ACTIVITY
Only the lines from the one with "Une cuisine moderne" to the end of the data, both ends included, should be output, exactly as they stand and without pictures.

DATA PROVIDED
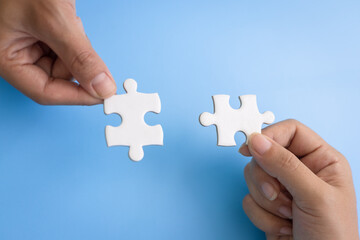  Hand of woman connecting jigsaw puzzle, Business solutions, success and strategy, Business partnership concept.
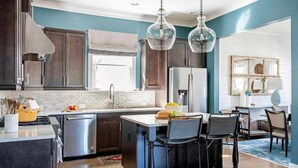 Une cuisine moderne avec des meubles de couleur sombre, des appareils en acier inoxydable et un îlot central doté de tabourets de bar.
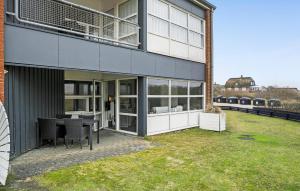a building with a table and chairs next to a train at 2 Bedroom Nice Apartment In Fan in Fanø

ANSWER BOX
 Une cuisine moderne avec des meubles de couleur sombre, des appareils en acier inoxydable et un îlot central doté de tabourets de bar.
a building with a table and chairs next to a train at 2 Bedroom Nice Apartment In Fan in Fanø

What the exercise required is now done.